YOUR INSTRUCTIONS -
Copy the records below exactly as they appear.

GIVEN RECORDS -
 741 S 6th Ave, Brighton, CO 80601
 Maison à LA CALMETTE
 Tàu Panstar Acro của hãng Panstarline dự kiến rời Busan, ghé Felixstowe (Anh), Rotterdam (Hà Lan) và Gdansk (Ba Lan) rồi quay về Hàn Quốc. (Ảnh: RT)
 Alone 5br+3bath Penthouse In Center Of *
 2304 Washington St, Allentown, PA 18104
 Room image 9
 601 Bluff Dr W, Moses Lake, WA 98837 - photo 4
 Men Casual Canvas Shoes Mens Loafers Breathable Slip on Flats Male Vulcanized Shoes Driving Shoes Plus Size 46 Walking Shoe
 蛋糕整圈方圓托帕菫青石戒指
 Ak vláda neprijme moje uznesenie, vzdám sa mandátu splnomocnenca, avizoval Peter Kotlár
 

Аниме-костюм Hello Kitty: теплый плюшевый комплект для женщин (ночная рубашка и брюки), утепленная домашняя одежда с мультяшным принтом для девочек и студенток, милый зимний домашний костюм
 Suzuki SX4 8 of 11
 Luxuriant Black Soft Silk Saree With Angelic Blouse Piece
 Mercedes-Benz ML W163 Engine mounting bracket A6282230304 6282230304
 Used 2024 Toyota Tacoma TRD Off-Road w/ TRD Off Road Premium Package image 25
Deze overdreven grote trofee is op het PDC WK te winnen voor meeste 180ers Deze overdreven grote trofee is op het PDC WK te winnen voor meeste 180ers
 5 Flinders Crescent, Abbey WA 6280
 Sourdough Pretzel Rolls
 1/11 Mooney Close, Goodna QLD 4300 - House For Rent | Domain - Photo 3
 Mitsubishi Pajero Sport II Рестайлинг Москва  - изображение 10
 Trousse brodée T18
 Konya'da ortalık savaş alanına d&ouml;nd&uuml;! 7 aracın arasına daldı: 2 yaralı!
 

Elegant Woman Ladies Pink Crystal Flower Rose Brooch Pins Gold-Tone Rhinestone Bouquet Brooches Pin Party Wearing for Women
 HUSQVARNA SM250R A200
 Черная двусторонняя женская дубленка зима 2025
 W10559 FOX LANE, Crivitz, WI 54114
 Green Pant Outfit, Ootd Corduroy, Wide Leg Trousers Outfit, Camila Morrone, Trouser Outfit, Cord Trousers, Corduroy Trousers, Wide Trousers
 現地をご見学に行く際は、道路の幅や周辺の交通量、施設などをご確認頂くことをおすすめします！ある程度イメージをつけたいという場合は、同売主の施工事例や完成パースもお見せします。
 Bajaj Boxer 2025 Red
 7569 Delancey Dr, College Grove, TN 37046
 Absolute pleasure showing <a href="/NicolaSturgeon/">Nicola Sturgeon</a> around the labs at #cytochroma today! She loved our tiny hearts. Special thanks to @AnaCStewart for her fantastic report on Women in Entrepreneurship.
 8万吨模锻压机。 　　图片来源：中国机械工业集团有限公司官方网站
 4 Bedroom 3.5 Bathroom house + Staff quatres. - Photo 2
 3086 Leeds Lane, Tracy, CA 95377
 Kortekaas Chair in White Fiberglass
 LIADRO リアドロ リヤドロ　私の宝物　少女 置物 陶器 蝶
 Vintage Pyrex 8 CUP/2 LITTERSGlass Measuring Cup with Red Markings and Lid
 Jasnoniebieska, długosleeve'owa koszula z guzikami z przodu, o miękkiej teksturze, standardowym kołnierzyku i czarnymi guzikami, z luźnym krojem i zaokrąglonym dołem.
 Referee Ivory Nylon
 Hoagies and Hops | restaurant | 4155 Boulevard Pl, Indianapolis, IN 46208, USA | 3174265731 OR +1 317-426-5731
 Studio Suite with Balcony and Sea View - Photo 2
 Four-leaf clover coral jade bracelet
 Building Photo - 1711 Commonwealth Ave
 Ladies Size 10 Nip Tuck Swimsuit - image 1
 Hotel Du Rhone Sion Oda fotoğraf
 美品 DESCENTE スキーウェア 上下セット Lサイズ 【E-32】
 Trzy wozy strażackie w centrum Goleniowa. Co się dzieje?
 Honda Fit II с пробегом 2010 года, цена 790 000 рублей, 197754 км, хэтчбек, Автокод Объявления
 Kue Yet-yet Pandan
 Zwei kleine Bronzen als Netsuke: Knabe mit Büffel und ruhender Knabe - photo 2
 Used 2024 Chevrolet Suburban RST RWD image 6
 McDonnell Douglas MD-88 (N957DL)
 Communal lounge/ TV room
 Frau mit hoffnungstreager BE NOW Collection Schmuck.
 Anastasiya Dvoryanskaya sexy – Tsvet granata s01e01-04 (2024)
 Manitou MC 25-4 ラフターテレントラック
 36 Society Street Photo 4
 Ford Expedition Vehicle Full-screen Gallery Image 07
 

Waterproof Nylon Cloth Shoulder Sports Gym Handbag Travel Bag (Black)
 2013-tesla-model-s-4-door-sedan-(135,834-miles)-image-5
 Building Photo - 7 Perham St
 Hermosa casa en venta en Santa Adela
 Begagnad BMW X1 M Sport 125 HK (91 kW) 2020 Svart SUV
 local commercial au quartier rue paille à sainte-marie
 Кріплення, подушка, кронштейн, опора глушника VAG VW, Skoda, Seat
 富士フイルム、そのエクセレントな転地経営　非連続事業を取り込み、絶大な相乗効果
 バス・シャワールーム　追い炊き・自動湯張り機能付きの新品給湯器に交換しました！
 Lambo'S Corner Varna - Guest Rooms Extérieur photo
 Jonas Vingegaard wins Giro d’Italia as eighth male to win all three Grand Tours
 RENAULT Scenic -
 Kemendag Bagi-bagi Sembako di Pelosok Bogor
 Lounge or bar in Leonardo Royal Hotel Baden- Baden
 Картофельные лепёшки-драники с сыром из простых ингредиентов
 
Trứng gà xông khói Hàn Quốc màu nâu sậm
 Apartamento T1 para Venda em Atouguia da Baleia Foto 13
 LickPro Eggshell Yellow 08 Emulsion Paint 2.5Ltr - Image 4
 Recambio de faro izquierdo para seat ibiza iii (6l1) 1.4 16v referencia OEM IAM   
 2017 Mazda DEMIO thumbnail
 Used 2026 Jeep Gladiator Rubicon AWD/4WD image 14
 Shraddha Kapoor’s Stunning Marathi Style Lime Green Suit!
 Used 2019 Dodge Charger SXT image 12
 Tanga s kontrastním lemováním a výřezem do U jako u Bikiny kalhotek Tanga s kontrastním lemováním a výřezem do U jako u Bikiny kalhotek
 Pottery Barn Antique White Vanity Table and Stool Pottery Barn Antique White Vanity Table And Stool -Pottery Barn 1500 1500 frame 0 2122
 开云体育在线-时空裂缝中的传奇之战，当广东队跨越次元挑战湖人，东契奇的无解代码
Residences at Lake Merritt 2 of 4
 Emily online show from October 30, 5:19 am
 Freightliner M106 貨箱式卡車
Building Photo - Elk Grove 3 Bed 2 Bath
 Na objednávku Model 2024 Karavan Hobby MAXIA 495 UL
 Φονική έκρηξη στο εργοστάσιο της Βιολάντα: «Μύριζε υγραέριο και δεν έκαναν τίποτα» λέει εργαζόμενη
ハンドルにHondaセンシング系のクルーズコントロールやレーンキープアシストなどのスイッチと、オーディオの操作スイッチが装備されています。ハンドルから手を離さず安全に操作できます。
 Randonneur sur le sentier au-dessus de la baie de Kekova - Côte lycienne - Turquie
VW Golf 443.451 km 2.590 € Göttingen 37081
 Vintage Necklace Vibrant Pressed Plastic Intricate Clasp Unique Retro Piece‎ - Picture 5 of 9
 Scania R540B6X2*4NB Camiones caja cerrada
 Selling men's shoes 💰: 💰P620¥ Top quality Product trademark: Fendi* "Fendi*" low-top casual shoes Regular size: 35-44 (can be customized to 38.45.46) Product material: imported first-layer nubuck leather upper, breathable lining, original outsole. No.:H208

OUTPUT BELOW -
 741 S 6th Ave, Brighton, CO 80601
 Maison à LA CALMETTE
 Tàu Panstar Acro của hãng Panstarline dự kiến rời Busan, ghé Felixstowe (Anh), Rotterdam (Hà Lan) và Gdansk (Ba Lan) rồi quay về Hàn Quốc. (Ảnh: RT)
 Alone 5br+3bath Penthouse In Center Of *
 2304 Washington St, Allentown, PA 18104
 Room image 9
 601 Bluff Dr W, Moses Lake, WA 98837 - photo 4
 Men Casual Canvas Shoes Mens Loafers Breathable Slip on Flats Male Vulcanized Shoes Driving Shoes Plus Size 46 Walking Shoe
 蛋糕整圈方圓托帕菫青石戒指
 Ak vláda neprijme moje uznesenie, vzdám sa mandátu splnomocnenca, avizoval Peter Kotlár
 

Аниме-костюм Hello Kitty: теплый плюшевый комплект для женщин (ночная рубашка и брюки), утепленная домашняя одежда с мультяшным принтом для девочек и студенток, милый зимний домашний костюм
 Suzuki SX4 8 of 11
 Luxuriant Black Soft Silk Saree With Angelic Blouse Piece
 Mercedes-Benz ML W163 Engine mounting bracket A6282230304 6282230304
 Used 2024 Toyota Tacoma TRD Off-Road w/ TRD Off Road Premium Package image 25
Deze overdreven grote trofee is op het PDC WK te winnen voor meeste 180ers Deze overdreven grote trofee is op het PDC WK te winnen voor meeste 180ers
 5 Flinders Crescent, Abbey WA 6280
 Sourdough Pretzel Rolls
 1/11 Mooney Close, Goodna QLD 4300 - House For Rent | Domain - Photo 3
 Mitsubishi Pajero Sport II Рестайлинг Москва  - изображение 10
 Trousse brodée T18
 Konya'da ortalık savaş alanına d&ouml;nd&uuml;! 7 aracın arasına daldı: 2 yaralı!
 

Elegant Woman Ladies Pink Crystal Flower Rose Brooch Pins Gold-Tone Rhinestone Bouquet Brooches Pin Party Wearing for Women
 HUSQVARNA SM250R A200
 Черная двусторонняя женская дубленка зима 2025
 W10559 FOX LANE, Crivitz, WI 54114
 Green Pant Outfit, Ootd Corduroy, Wide Leg Trousers Outfit, Camila Morrone, Trouser Outfit, Cord Trousers, Corduroy Trousers, Wide Trousers
 現地をご見学に行く際は、道路の幅や周辺の交通量、施設などをご確認頂くことをおすすめします！ある程度イメージをつけたいという場合は、同売主の施工事例や完成パースもお見せします。
 Bajaj Boxer 2025 Red
 7569 Delancey Dr, College Grove, TN 37046
 Absolute pleasure showing <a href="/NicolaSturgeon/">Nicola Sturgeon</a> around the labs at #cytochroma today! She loved our tiny hearts. Special thanks to @AnaCStewart for her fantastic report on Women in Entrepreneurship.
 8万吨模锻压机。 　　图片来源：中国机械工业集团有限公司官方网站
 4 Bedroom 3.5 Bathroom house + Staff quatres. - Photo 2
 3086 Leeds Lane, Tracy, CA 95377
 Kortekaas Chair in White Fiberglass
 LIADRO リアドロ リヤドロ　私の宝物　少女 置物 陶器 蝶
 Vintage Pyrex 8 CUP/2 LITTERSGlass Measuring Cup with Red Markings and Lid
 Jasnoniebieska, długosleeve'owa koszula z guzikami z przodu, o miękkiej teksturze, standardowym kołnierzyku i czarnymi guzikami, z luźnym krojem i zaokrąglonym dołem.
 Referee Ivory Nylon
 Hoagies and Hops | restaurant | 4155 Boulevard Pl, Indianapolis, IN 46208, USA | 3174265731 OR +1 317-426-5731
 Studio Suite with Balcony and Sea View - Photo 2
 Four-leaf clover coral jade bracelet
 Building Photo - 1711 Commonwealth Ave
 Ladies Size 10 Nip Tuck Swimsuit - image 1
 Hotel Du Rhone Sion Oda fotoğraf
 美品 DESCENTE スキーウェア 上下セット Lサイズ 【E-32】
 Trzy wozy strażackie w centrum Goleniowa. Co się dzieje?
 Honda Fit II с пробегом 2010 года, цена 790 000 рублей, 197754 км, хэтчбек, Автокод Объявления
 Kue Yet-yet Pandan
 Zwei kleine Bronzen als Netsuke: Knabe mit Büffel und ruhender Knabe - photo 2
 Used 2024 Chevrolet Suburban RST RWD image 6
 McDonnell Douglas MD-88 (N957DL)
 Communal lounge/ TV room
 Frau mit hoffnungstreager BE NOW Collection Schmuck.
 Anastasiya Dvoryanskaya sexy – Tsvet granata s01e01-04 (2024)
 Manitou MC 25-4 ラフターテレントラック
 36 Society Street Photo 4
 Ford Expedition Vehicle Full-screen Gallery Image 07
 

Waterproof Nylon Cloth Shoulder Sports Gym Handbag Travel Bag (Black)
 2013-tesla-model-s-4-door-sedan-(135,834-miles)-image-5
 Building Photo - 7 Perham St
 Hermosa casa en venta en Santa Adela
 Begagnad BMW X1 M Sport 125 HK (91 kW) 2020 Svart SUV
 local commercial au quartier rue paille à sainte-marie
 Кріплення, подушка, кронштейн, опора глушника VAG VW, Skoda, Seat
 富士フイルム、そのエクセレントな転地経営　非連続事業を取り込み、絶大な相乗効果
 バス・シャワールーム　追い炊き・自動湯張り機能付きの新品給湯器に交換しました！
 Lambo'S Corner Varna - Guest Rooms Extérieur photo
 Jonas Vingegaard wins Giro d’Italia as eighth male to win all three Grand Tours
 RENAULT Scenic -
 Kemendag Bagi-bagi Sembako di Pelosok Bogor
 Lounge or bar in Leonardo Royal Hotel Baden- Baden
 Картофельные лепёшки-драники с сыром из простых ингредиентов
 
Trứng gà xông khói Hàn Quốc màu nâu sậm
 Apartamento T1 para Venda em Atouguia da Baleia Foto 13
 LickPro Eggshell Yellow 08 Emulsion Paint 2.5Ltr - Image 4
 Recambio de faro izquierdo para seat ibiza iii (6l1) 1.4 16v referencia OEM IAM   
 2017 Mazda DEMIO thumbnail
 Used 2026 Jeep Gladiator Rubicon AWD/4WD image 14
 Shraddha Kapoor’s Stunning Marathi Style Lime Green Suit!
 Used 2019 Dodge Charger SXT image 12
 Tanga s kontrastním lemováním a výřezem do U jako u Bikiny kalhotek Tanga s kontrastním lemováním a výřezem do U jako u Bikiny kalhotek
 Pottery Barn Antique White Vanity Table and Stool Pottery Barn Antique White Vanity Table And Stool -Pottery Barn 1500 1500 frame 0 2122
 开云体育在线-时空裂缝中的传奇之战，当广东队跨越次元挑战湖人，东契奇的无解代码
Residences at Lake Merritt 2 of 4
 Emily online show from October 30, 5:19 am
 Freightliner M106 貨箱式卡車
Building Photo - Elk Grove 3 Bed 2 Bath
 Na objednávku Model 2024 Karavan Hobby MAXIA 495 UL
 Φονική έκρηξη στο εργοστάσιο της Βιολάντα: «Μύριζε υγραέριο και δεν έκαναν τίποτα» λέει εργαζόμενη
ハンドルにHondaセンシング系のクルーズコントロールやレーンキープアシストなどのスイッチと、オーディオの操作スイッチが装備されています。ハンドルから手を離さず安全に操作できます。
 Randonneur sur le sentier au-dessus de la baie de Kekova - Côte lycienne - Turquie
VW Golf 443.451 km 2.590 € Göttingen 37081
 Vintage Necklace Vibrant Pressed Plastic Intricate Clasp Unique Retro Piece‎ - Picture 5 of 9
 Scania R540B6X2*4NB Camiones caja cerrada
 Selling men's shoes 💰: 💰P620¥ Top quality Product trademark: Fendi* "Fendi*" low-top casual shoes Regular size: 35-44 (can be customized to 38.45.46) Product material: imported first-layer nubuck leather upper, breathable lining, original outsole. No.:H208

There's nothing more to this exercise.